■ To do: Output the lines of the listing below exactly, starting at the line containing "off-white sequin embroidered" and stopping after the last line, with any pictures dropped.

■ Supplied information:
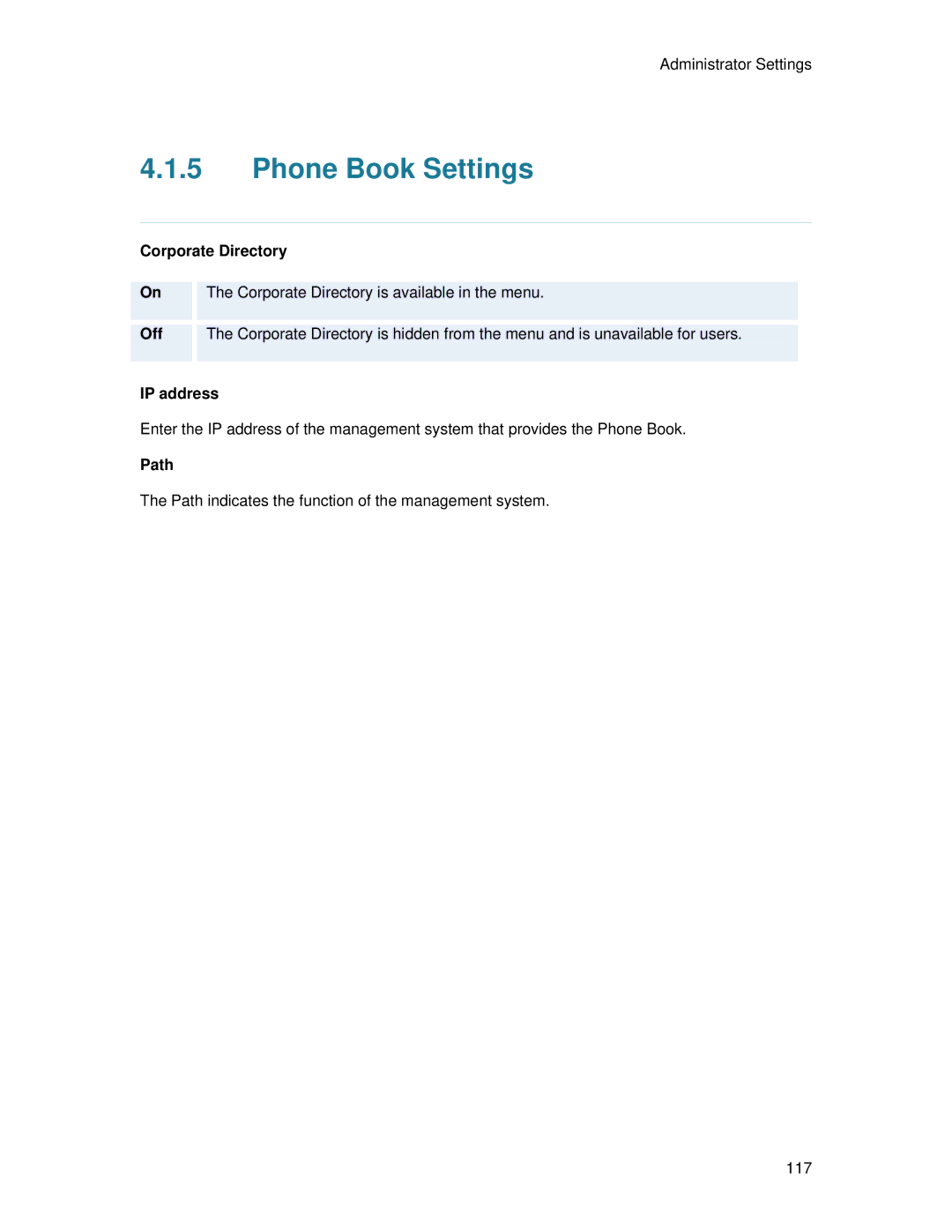 TANDBERG 700 MXP user manual Phone Book Settings, Path 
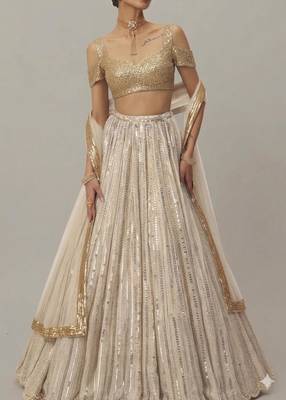 off-white sequin embroidered wedding lehenga with sweetheart neck blouse 1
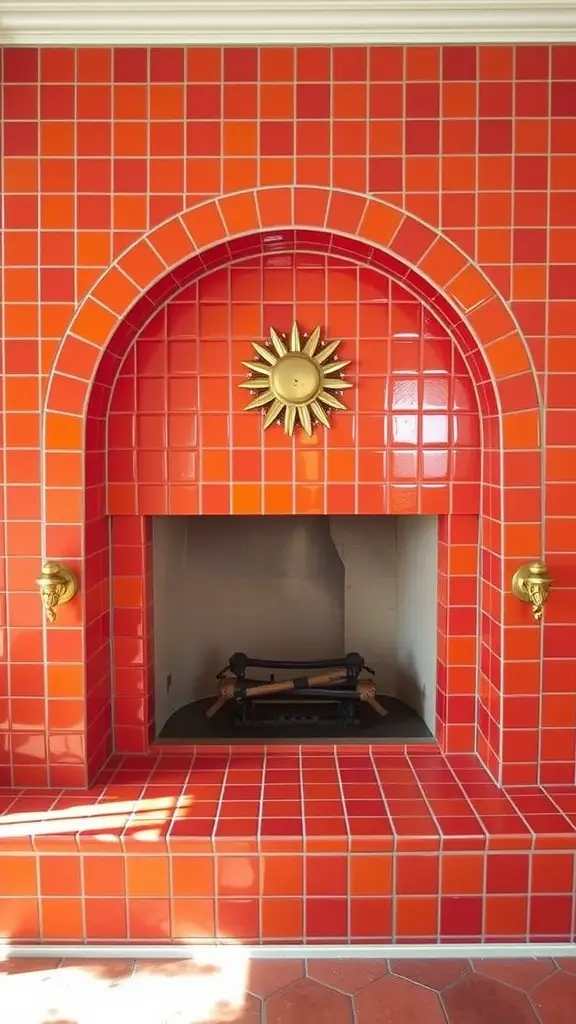 A cozy fireplace with a vibrant mosaic design and sunburst motif, inspired by House Martell.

■ Output for this task:
 off-white sequin embroidered wedding lehenga with sweetheart neck blouse 1
 A cozy fireplace with a vibrant mosaic design and sunburst motif, inspired by House Martell.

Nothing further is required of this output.